Databases are a lot like programming languages: there’s a great variety to chose from, they have wildly different programming and query interfaces, and there’s a wide gap in available features. And just as choosing the right programming language for a project can have a significant impact on the outcome of success, so does choosing the right database. So what really matters when choosing a database?
Absolute Raw Speed Does Not Matter
Surprisingly, raw speed of the database does not matter in 99% of cases. From an application perspective, database queries tend to have a bimodal distribution: they’re either good enough or too slow to complete. Usually, it’s more important to keep good enough performance while scaling concurrent access with growing dataset sizes over getting the best possible performance out of a narrow set of queries.
For example, look at Google’s F1 distributed database. The commit latency on F1 is quite high (at 50-100ms). Read latency takes a hit as well, with simple reads in the 5-10ms range. Compared with a single instance MySQL, the numbers are quite high. However, Google’s core ad business runs on F1, at a scale of 10s of TBs across 1000s of machines. Ability to keep good enough performance by scaling the system matters more.
Expressiveness of the Query Language Matters
Chocolate or vanilla? Beer or wine? SQL or NoSQL? All questions which inspire endless debates. However, most of the debates on database query languages tend to miss the mark. It’s possible to have a weak SQL implementation (e.g. lack of subqueries, limited aggregate functionality, poor planner, etc.) and a relatively feature rich non-SQL implementation (RethinkDB supports join operations between documents while MongoDB does not).
Consider some of the following criteria when evaluating a database query language:
- How many network trips do I need to make to the database for typical query patterns?
- For operations that require looking at a great deal of records, does the database support necessary aggregate/window/analytics functions without having to transfer the burden onto the application?

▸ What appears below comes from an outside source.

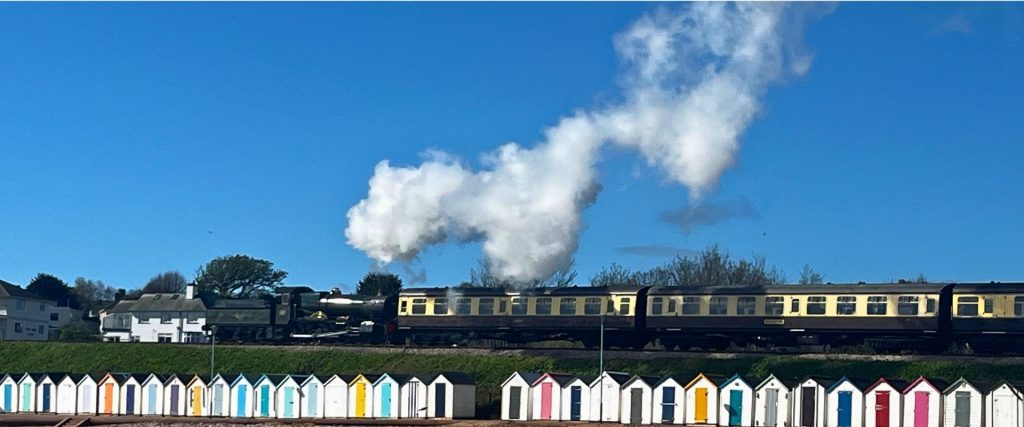 Dartmouth steam train passing behind beach huts in Devon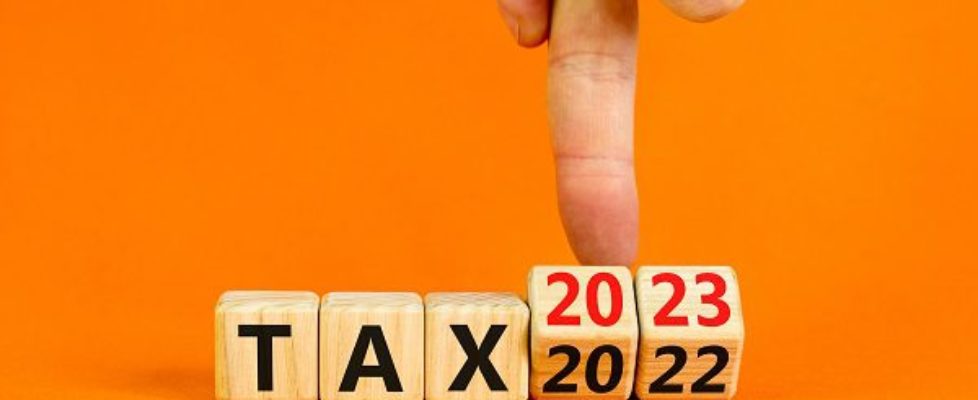 2023 tax new year symbol. Businessman turns a wooden cube and changes words Tax 2022 to Tax 2023. Beautiful orange table orange background, copy space. Business 2023 tax new year concept.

Does it support concepts such as temporary tables when more complex/multi-stage evaluations are necessary?
- Can I leverage existing queries/work without having to duplicate queries (e.g. SQL views)?
While there’s nothing inherent to SQL that makes it a better fit, it turns out that most database implementations which rely on it offer a much richer and powerful interface than those that don’t. Perhaps in a few years some of the alternatives will catch up, but we are not there yet.
And finally, a subject of many flame wars: transactions. It’s true that many folks have built large scale systems which do not rely on the database’s support (or lack of) transactions. However, such systems typically move the well understood properties of transactions as offered by their databases into an ad-hoc implementation within the application itself. Which generally leads to a more complex and fragile codebase.
The Google Spanner designers said the following about transactions:
“We believe it is better to have application programmers deal with performance problems due to overuse of transactions as bottlenecks arise, rather than always coding around the lack of transactions. Running two-phase commit over Paxos mitigates the availability problems.”